Apple objects that once the key has been created, nothing is preventing it from being requested for use against other encrypted phones—such as nearly 150 that New York would like to unlock if the FBI can get Apple to come through for that one.

It’s a tricky issue, but you don’t get a full sense of how tricky until you’ve watched John Oliver explain it. Oliver uses the occasional bit of salty language here and there, but he has a remarkable talent for getting to the heart of the issue and making it hilarious along the way. If you don’t feel like watching an 18-minute video segment, Ars Technica has a more detailed summary of the points he makes.

Meanwhile, NPR’s Morning Edition has interviewed Richard Clarke, former senior counterterrorism official for the Clinton and second Bush administrations, and found him highly sympathetic to Apple’s side. What’s more, he believes that the FBI is not really interested in cracking the terrorists’ iPhone so much as it wants to set a precedent that Apple has to cough up the code to let the FBI crack whatever phones it wants in the future.

If I were in the job now, I would have simply told the FBI to call Fort Meade, the headquarters of the National Security Agency, and NSA would have solved this problem for them. They’re not as interested in solving the problem as they are in getting a legal precedent.

Clarke adds that every expert he knows believes the NSA could easily crack the phone if it was given the task.

This is a tricky issue, because as a 2014 Supreme Court decision pointed out, smartphones aren’t just phones, but are effectively “an important feature of human anatomy,” and require a specific warrant to search. One of the original triggers of the Revolutionary War was the British habit of using general warrants to just go into a house and look for evidence of any crime.

“The fact that technology now allows an individual to carry such information in his hand,” the chief justice also wrote, “does not make the information any less worthy of the protection for which the founders fought.”
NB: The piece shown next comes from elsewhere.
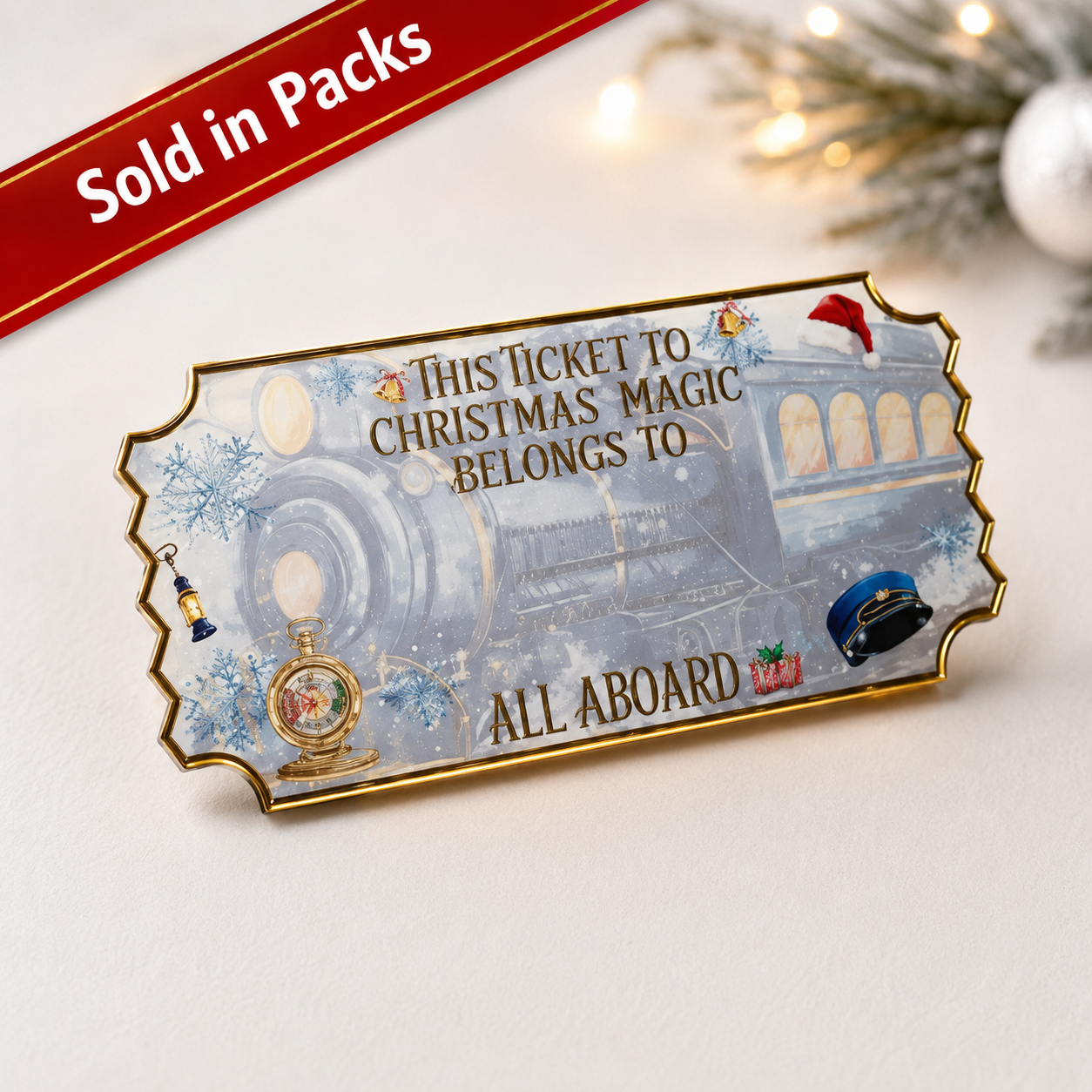 -Blue Christmas Express Magic Ticket -5 Pack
Among other things, our phones could contain a record of all the e-books we read on them. More than once, we’ve covered the possibility that the FBI could demand patron reading records from public libraries. Whatever e-books we keep on our phones would be the same in principle. Indeed, this piece from 2002 discussing suspected terrorists visiting a public library seems eerily prescient when it comes to demanding access to information because of a potential terrorist threat.
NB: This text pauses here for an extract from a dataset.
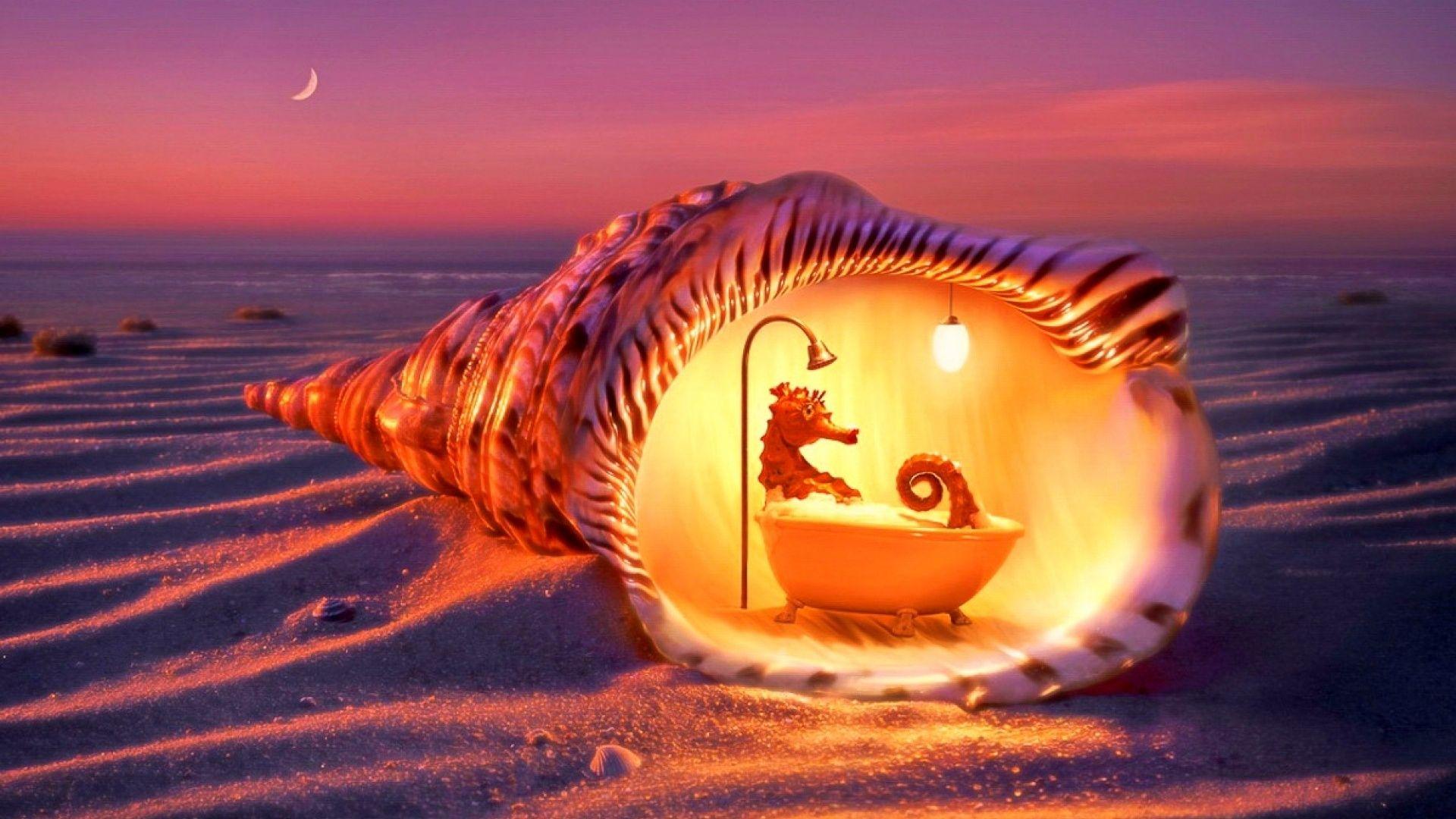 1920x1080 Sea Horse Relaxing Bath desktop PC and Mac wallpaper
But another point that bears considering is that, if Apple were forced to come up with this skeleton key program, what guarantee is there that it wouldn’t ever leak? As John Oliver pointed out, there are already iPhone safecracker gizmos on eBay that can easily access phones running earlier versions of iOS. All it would take is a single leak to the wrong people, and the new iOS would become just as crackable.

And if there’s one thing e-book readers should have learned from the current state of DRM, it’s that weak protection measures can and will be circumvented. Just look at how trivially easy it is to crack Kindle or Adobe e-book DRM right now. While I’m just fine with it in that case, I would be strongly opposed to anything that might bring Apple’s so-secure-the-FBI-can’t-crack-it phone encryption down to that level.

And even if they do manage to circumvent it, what then? As John Oliver also points out, there are literally hundreds of apps and other solutions that provide end-to-end messaging encryption, many of them from outside the United States. And literally millions and millions of people use them—not because there are millions of criminals, but because people like their privacy. Even if the FBI manages to get Apple to knuckle under, what have they really won in the end?

As integral as phones have become to our daily life, to the point where even Disney movies reflect their ubiquity, this is an important issue that we shouldn’t simply let slide. A chain is only as strong as its weakest link, but letting Apple create a set of boltcutters could be a dangerous proposition.